NEW DELHI (Reuters) - Indian state refiners will lift 8 million barrels of Iranian oil in April, a decline of about 12 percent from the previous month, industry sources said, as the nation is in talks with the United States to renew the waiver from U.S. sanctions against Tehran.
The United States introduced sanctions aimed at crippling Iran’s oil revenue-dependent economy in November but gave a six-month waiver to eight nations, including India, which allowed them to import some Iranian oil.
India has been allowed by Washington to continue to buy about 300,000 bpd oil or 9 million barrels in a month till early May.
New Delhi, Tehran’s biggest oil client after China, has decided to lift lower volumes in April as a ‘precautionary measure ahead of renewal of waiver,’ said one of the sources familiar with the matter, without elaborating further.
The United States aims to cut Iran’s crude exports by about 20 percent to below 1 million bpd from May by requiring importing countries to reduce purchases to avoid U.S. sanctions, two sources familiar with the matter said.
The United States will likely renew waivers to sanctions for most countries buying Iranian crude, including the biggest buyers China and India, in exchange for pledges to cut combined imports to below 1 million bpd.
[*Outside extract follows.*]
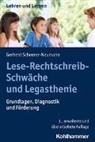 Gerheid Scheerer-Neumann, Renate Valtin, Andreas Gold, Uta Klusmann, Cornelia Rosebrock, Cornelia Rosebrock u a... - Lese-Rechtschreib-Schwäche und Legasthenie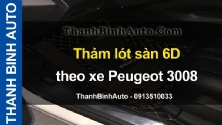 Video Thảm lót sàn 6D theo xe Peugeot 3008 tại ThanhBinhAuto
That would be around 250,000 bpd below Iran’s current exports of 1.25 million bpd.
It is not yet clear if reduced volumes of 8 million barrels a month is the new condition imposed by Washington for granting a second waiver to New Delhi from sanctions against Tehran.
For March, Indian Oil Corp had placed an order for 5 million barrels, Mangalore Refinery and Petrochemicals Ltd for 2 million, and Hindustan Petroleum Corp and Bharat Petroleum Corp for 1 million each.
In April, IOC would lift 4 million barrels, while there is no change in volumes to be loaded by other companies, the sources said.
India’s oil ministry and IOC, BPCL, and HPCL did not respond to Reuters email seeking comment, while MRPL declined comment.